Stanley, arriving much later in Zanzibar in 1870 to begin his search for Livingstone, who had not been heard of for months, Ladha was still around, “a venerable-looking old man, with a shrewd intelligent face …” and he calls him “the great Ludha Damji.”

  But who was Ladha really? Was he tall or short, thin or fat? Did he have a family? We don’t know. He died in 1871.

  The Bhatias originate in Sindh and Rajasthan. Muhammad Ali Jinnah, the founder of Pakistan, was from this caste, though a Khoja. (The difference was the practice of faith.) The Khojas and the Hindu Bhatias were the two largest groups of Asians on the East African coast. Tharia Topan, another great Zanzibari trader, who interacted with Stanley but had not yet reached his eminence in Burton’s time, was from the same caste and a Khoja as well.

  Says Stanley, “[The Indians] can produce scores of unconscionable rascals where they can show but one honest merchant. One of the honestest among men, white or black, red or yellow, is a Mohammedan Hindi called Tarya Topan … a proverb for honesty, and strict business integrity. He is enormously wealthy, owns several ships and dhows and is a prominent man in the councils of [Sultan] Barghash.

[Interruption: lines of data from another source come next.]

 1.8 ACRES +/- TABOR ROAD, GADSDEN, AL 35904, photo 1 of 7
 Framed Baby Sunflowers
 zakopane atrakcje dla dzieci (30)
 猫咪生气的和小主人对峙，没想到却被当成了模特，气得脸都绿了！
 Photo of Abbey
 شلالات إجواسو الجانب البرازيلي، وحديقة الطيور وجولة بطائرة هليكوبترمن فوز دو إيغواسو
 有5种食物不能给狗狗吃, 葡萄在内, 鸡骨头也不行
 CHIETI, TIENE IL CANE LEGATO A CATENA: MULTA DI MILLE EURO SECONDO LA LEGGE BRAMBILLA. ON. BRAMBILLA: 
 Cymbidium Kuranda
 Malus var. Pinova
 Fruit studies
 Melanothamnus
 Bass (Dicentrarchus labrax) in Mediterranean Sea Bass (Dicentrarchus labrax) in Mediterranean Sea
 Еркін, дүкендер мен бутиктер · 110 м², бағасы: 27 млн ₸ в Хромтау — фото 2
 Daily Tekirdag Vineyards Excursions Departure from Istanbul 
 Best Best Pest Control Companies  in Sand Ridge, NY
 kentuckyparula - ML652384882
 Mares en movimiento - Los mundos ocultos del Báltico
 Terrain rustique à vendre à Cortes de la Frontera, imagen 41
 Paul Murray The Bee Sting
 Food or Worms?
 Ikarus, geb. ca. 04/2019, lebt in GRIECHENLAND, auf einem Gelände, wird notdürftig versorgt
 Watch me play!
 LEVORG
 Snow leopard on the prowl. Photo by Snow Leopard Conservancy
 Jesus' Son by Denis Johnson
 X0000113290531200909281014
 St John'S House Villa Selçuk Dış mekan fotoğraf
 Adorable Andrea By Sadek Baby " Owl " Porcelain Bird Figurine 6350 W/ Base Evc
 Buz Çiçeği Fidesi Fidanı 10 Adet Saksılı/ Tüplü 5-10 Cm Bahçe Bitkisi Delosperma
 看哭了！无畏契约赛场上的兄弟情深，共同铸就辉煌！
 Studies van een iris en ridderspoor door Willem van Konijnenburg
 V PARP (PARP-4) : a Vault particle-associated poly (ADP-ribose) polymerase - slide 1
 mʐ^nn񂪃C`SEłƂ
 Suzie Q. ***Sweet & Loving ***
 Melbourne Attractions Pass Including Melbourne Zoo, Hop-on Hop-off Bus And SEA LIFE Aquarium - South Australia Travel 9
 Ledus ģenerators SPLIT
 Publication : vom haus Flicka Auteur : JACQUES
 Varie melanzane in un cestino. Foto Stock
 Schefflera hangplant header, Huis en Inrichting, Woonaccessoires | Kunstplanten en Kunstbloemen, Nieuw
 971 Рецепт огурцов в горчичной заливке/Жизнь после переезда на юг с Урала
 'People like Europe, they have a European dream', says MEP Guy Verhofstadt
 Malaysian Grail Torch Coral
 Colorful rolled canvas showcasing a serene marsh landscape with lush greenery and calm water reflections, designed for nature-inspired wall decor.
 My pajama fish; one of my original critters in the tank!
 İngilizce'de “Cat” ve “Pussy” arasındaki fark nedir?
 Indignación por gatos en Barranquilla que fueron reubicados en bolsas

Tarya has many children.…”

  Legend has it that Tharia came as a twelve-year-old runaway on a dhow from Kutch to Zanzibar and worked his way up. He always maintained good relations with the British consul. After Barghash’s unsuccessful attempt to snatch the throne away from his brother Majid following their father Seyyid Said’s death, he was advised by the British consul to leave the island. He went to Bombay accompanied by Tharia, who also later accompanied him to London, where he was described as a stout, fair-skinned man with a red-dyed beard, wearing a blue, embroidered robe. He was a philanthropist and Khoja mukhi (headman) for a while, and definitely more flamboyant and travelled than Ladha Damji, who had employed him as a young man. He was knighted by Queen Victoria in 1875 in London, apparently for helping the British government’s efforts to end the slave trade; his business dealings with the slave and ivory trader Tippu Tip, however, raise a question.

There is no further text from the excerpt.